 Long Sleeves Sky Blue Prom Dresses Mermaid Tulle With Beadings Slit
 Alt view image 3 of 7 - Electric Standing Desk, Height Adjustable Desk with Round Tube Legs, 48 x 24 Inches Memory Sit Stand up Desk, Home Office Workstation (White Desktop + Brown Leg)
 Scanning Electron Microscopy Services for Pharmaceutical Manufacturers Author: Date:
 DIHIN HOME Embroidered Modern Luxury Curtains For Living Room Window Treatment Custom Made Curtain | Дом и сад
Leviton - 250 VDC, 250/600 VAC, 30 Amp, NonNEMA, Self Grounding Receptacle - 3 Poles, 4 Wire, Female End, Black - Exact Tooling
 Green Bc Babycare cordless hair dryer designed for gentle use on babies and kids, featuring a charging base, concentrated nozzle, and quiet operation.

•••

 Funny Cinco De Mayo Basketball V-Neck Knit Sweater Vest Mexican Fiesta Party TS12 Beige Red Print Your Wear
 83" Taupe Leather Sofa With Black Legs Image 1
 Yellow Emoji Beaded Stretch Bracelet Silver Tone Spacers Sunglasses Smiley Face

•••

** Work instructions **
Would you please write out, exactly and with no other lines, the stretch of the listing above from the line containing "DIHIN HOME Embroidered" through the line containing "Green Bc Babycare"?

** Final answer **
 DIHIN HOME Embroidered Modern Luxury Curtains For Living Room Window Treatment Custom Made Curtain | Дом и сад
Leviton - 250 VDC, 250/600 VAC, 30 Amp, NonNEMA, Self Grounding Receptacle - 3 Poles, 4 Wire, Female End, Black - Exact Tooling
 Green Bc Babycare cordless hair dryer designed for gentle use on babies and kids, featuring a charging base, concentrated nozzle, and quiet operation.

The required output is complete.